▶ What this task involves
Once you find the line containing "US Open 2013, USTA" in the data below, copy it and each following line exactly, up to and including the line containing "打羽毛球脚底容易磨,打羽毛球脚底磨出红斑", and nothing else.

▶ Data listing

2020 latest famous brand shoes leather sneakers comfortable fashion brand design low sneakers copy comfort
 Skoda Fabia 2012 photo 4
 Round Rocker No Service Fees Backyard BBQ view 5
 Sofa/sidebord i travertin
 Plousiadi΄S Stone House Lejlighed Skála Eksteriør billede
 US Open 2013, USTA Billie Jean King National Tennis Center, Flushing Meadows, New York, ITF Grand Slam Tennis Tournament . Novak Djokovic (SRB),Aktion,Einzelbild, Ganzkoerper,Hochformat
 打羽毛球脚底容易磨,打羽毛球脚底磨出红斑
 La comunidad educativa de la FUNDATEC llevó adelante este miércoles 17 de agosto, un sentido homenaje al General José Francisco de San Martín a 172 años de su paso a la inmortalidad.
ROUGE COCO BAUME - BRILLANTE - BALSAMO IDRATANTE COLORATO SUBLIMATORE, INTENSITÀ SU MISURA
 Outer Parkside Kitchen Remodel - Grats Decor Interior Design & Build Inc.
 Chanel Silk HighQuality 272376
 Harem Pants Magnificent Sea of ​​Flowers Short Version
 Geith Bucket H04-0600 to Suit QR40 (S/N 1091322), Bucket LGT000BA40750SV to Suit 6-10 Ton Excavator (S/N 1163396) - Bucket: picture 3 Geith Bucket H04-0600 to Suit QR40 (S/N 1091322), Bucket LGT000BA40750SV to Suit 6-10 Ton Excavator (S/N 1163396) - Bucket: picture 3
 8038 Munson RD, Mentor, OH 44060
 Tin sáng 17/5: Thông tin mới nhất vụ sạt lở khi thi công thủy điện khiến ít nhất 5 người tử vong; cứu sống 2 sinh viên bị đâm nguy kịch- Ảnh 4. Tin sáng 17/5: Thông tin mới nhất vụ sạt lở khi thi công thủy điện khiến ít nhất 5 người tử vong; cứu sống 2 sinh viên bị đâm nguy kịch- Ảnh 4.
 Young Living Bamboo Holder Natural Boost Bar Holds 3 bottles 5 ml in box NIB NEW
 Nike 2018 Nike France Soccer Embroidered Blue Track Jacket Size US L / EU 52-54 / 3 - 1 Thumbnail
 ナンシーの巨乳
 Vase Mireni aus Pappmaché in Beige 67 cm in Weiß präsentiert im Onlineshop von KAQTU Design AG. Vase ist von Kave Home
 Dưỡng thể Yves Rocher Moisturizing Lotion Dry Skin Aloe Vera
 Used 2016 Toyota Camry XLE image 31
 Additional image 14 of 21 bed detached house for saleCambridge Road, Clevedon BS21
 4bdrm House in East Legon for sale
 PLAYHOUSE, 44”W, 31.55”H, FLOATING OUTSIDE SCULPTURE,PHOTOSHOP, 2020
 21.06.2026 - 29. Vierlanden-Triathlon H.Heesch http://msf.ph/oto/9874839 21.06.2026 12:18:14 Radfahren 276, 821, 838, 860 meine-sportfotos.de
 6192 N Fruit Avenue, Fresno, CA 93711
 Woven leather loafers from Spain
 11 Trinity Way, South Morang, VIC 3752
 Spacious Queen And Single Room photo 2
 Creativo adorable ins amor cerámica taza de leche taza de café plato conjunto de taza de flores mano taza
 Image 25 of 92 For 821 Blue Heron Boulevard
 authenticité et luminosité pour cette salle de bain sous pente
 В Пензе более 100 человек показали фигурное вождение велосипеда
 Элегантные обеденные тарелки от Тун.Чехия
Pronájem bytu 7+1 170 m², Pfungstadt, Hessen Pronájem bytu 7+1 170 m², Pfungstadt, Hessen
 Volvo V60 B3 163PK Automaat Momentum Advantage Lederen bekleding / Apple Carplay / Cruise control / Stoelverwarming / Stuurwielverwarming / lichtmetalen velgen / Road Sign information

▶ Task result
 US Open 2013, USTA Billie Jean King National Tennis Center, Flushing Meadows, New York, ITF Grand Slam Tennis Tournament . Novak Djokovic (SRB),Aktion,Einzelbild, Ganzkoerper,Hochformat
 打羽毛球脚底容易磨,打羽毛球脚底磨出红斑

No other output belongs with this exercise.